David Hogg, Emma Gonzalez and other March for Our Lives organizers will continue their campaign against gun violence this summer when they travel to communities across the country to meet with “young people who need to have their voices heard,” Gonzalez told attendees Thursday at the Education Writers Association’s annual conference, held at the University of Southern California in Los Angeles.
Speaking on a panel about student activism, Gonzalez joined fellow Marjory Stoneman Douglas High school senior David Hogg, Alex King of North Lawndale College Prep High School in Chicago and Jackson Mittleman of Newtown (Conn.) High School to share how they have been affected by shootings in their schools and communities, and how they are trying to sustain the nation’s focus on gun control.
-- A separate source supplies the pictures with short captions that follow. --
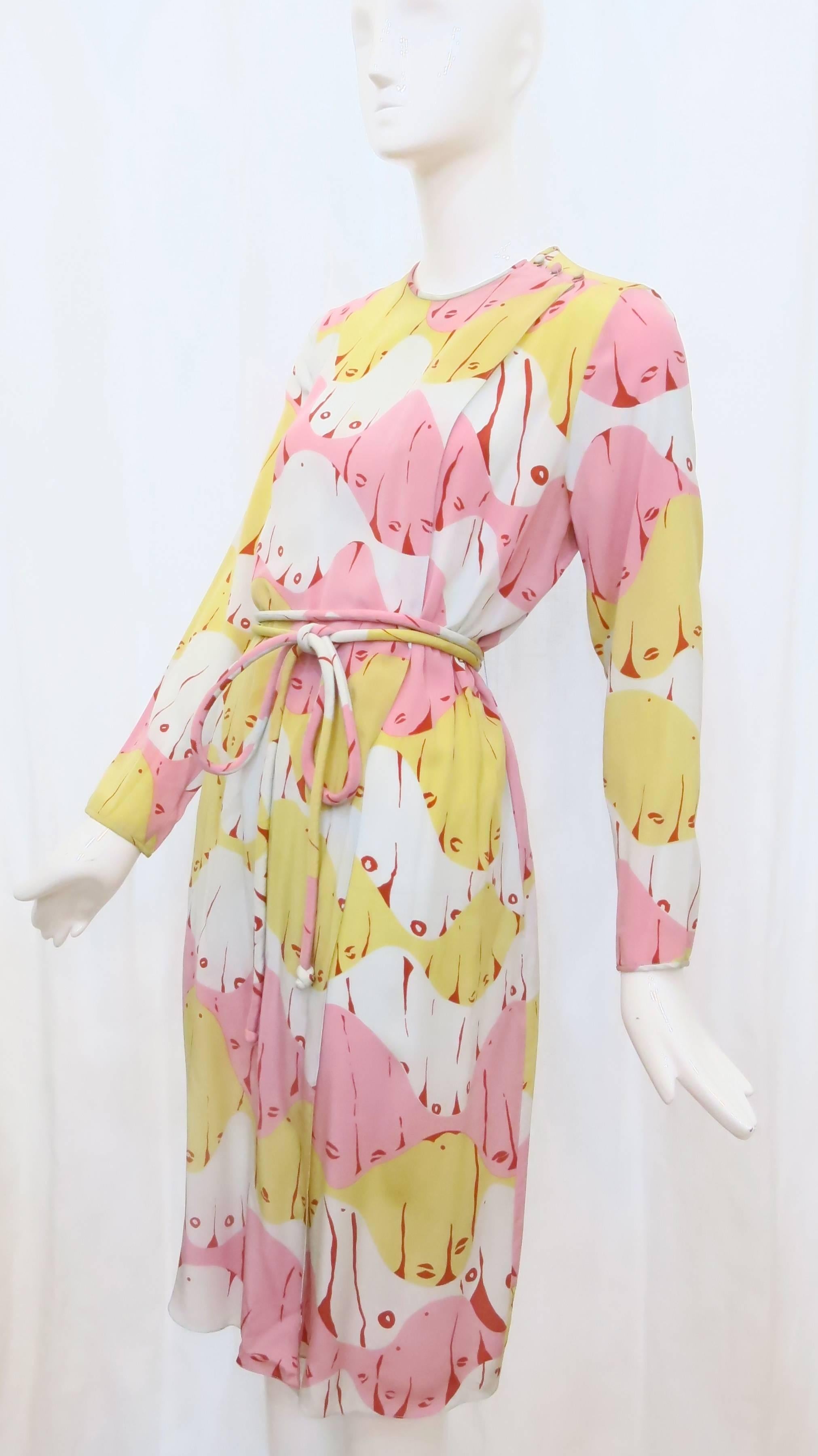 Bright and sensual, this silk wrap dress by Mary McFadden features an abstract print that looks like a multitude of faces. A long, tubular matching belt adds to the softness and fluidity of this dress. The dress opens up like a robe and snaps inside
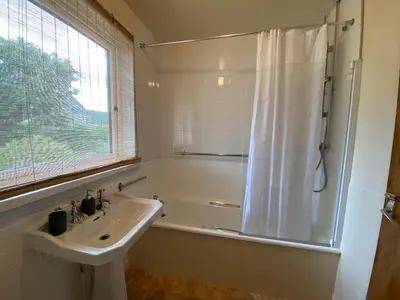 a bathroom with a sink and a shower at Craignair in Port William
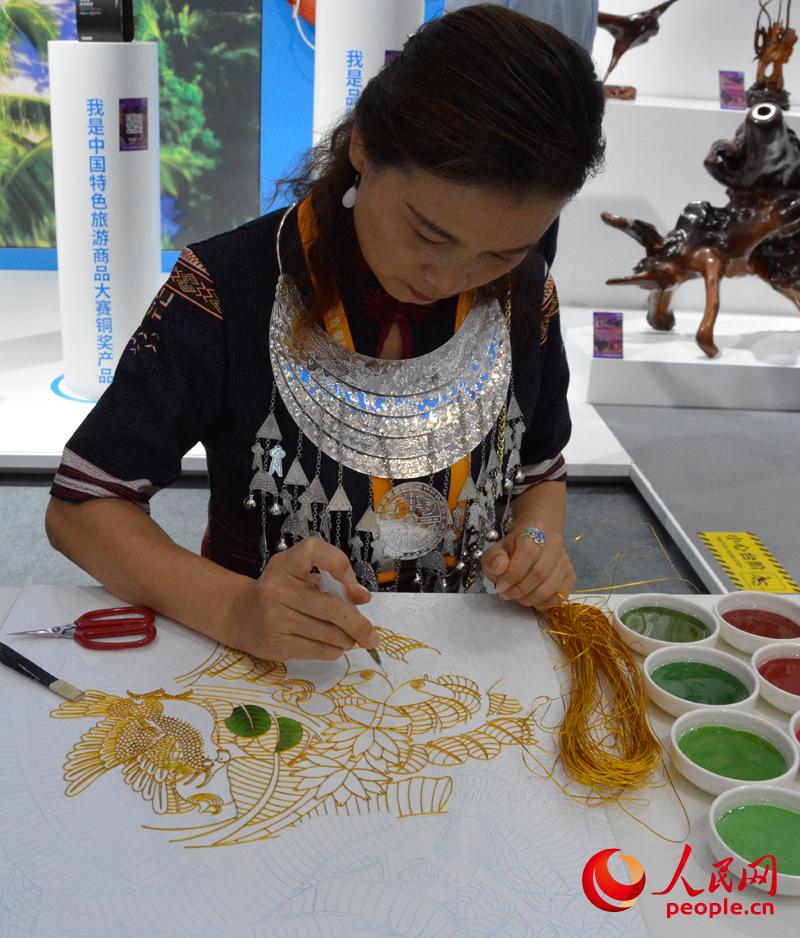 消博会海南馆内，工艺美术师正在绘制景泰蓝掐丝珐琅画。首届人民网记者 杜燕飞摄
“It’s a universal conversation,” Gonzalez said. “Adults were looking at this in a single-faceted way. If you don’t address the whole problem, it’s never going to be solved. It’s not just schools. If you just address schools, Las Vegas is still going to happen. So is Charleston.”
The students’ first goal is to get as many high school students to register to vote on May 29, Hogg said. Then on June 15, they’ll have an event in Chicago, where King said the focus will be on trauma-informed education.
“It is statistically proven that one exposure to a traumatic event actually affects brain development,” King said, adding that he wants to see more attention to how the violence students experience outside of school affects learning. In Chicago, he added, “we don’t have school shootings, we have daily shootings.”
Making sure ‘nobody would forget’
Hogg said when the shooting at his Parkland, Fla., school began, he first thought it was a drill because the school had been planning one. But he began recording videos with his phone in case it was real and “hoping our voices would carry on even if our souls wouldn’t,” he said.
He also continued to engage with the media because his sister lost four of her friends. “I felt a sense of responsibility for my sister,” he said. “I wanted to make sure that nobody would forget about this.”
Citing statistics about the costs of gun violence and political arguments on both sides of the spectrum, Hogg said he would like to see more “violence interruption” programs such as the Positive Peace Warrior Network, the Chicago program in which King participates. King, whose nephew was shot and killed last year, was among the students who former Secretary of Education Arne Duncan took to Florida to meet at Gonzalez’s home.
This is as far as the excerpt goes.